# Questions about optimcal backup

## atmosx

Hello,

I have a ReadyNAS NV+ on the local network. I can connect to it via ftp/ssh. I'm looking for a way to backup my Gentoo system on it. I want to have incremental backups if possible.

I would use an utility like duplicity (rdiff-backup with gpg encryption) but ReadyNAS has a really old version of it. I need something that works client-side only.
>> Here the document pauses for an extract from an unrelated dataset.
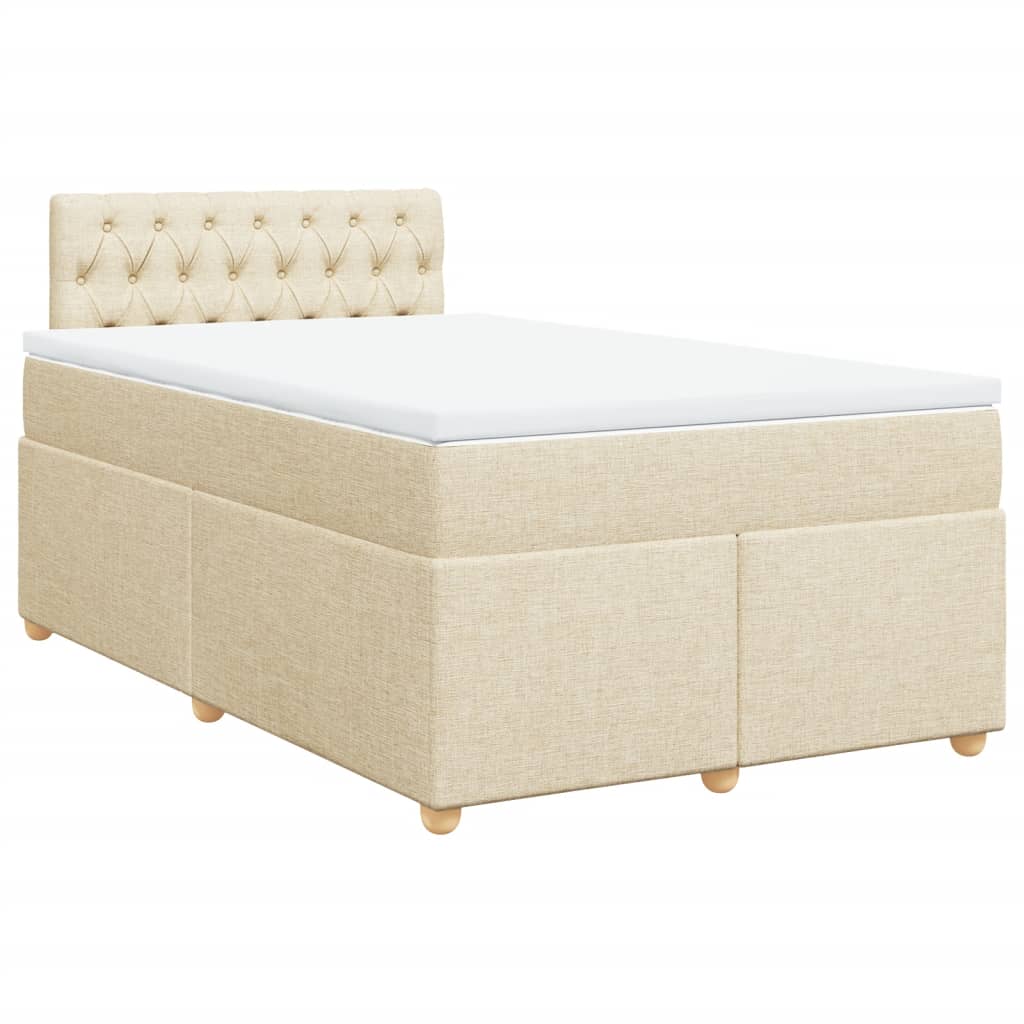 Krevet box spring s madracem krem 120 x 190 cm od tkanine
Rsyncd-powered backups although are a good solution, it requires extra sever configuration and more open ports.

Is there any other software that works over ssh/ftp that can do what I need?
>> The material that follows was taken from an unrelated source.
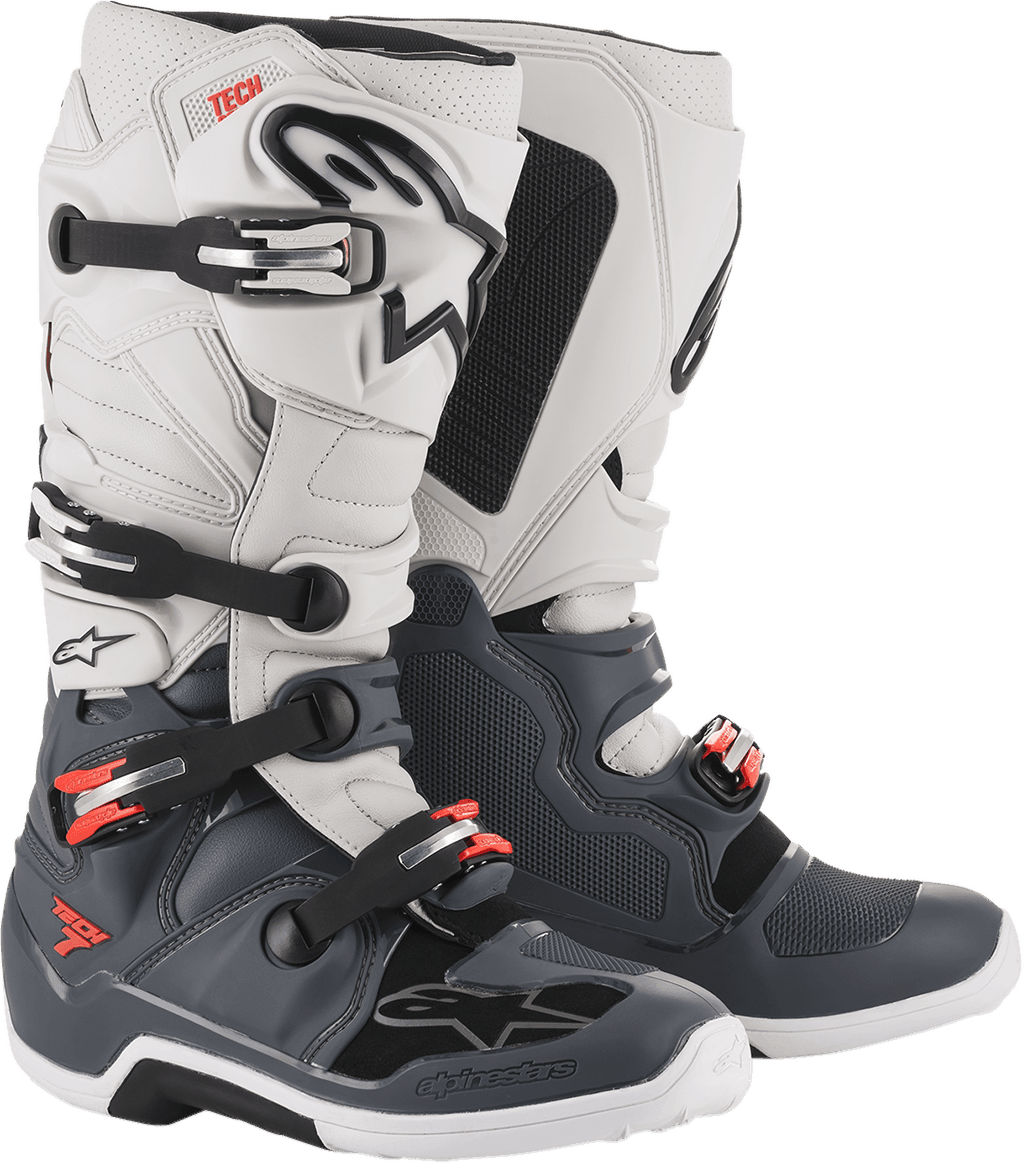 Alpinestars Tech 7 Gray/White Boots - Size 11 - Motor Psycho Sport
Otherwise I'll go with a simple backup script I guess...

Thanks

----------

## avx

Try using sys-fs/sshfs-fuse to mount the NAS into your local tree, from there you can work with it like any other filesystem (maybe need to read the manpage, if keeping permissions is important) and all tools should just work(tm).

----------

## Hu

You could use the ssh transport for rsync.  This should work as long as the server has rsync installed and it may be more efficient than trying to use rsync between a locally mounted directory and an sshfs directory.

----------

## atmosx

Hello,

thanks you both for the hints. SSHFS works great, but due to ease of use, I'll think I'll with rsnapshot which uses rsync and keeps multiple backups.

Best REgards

----------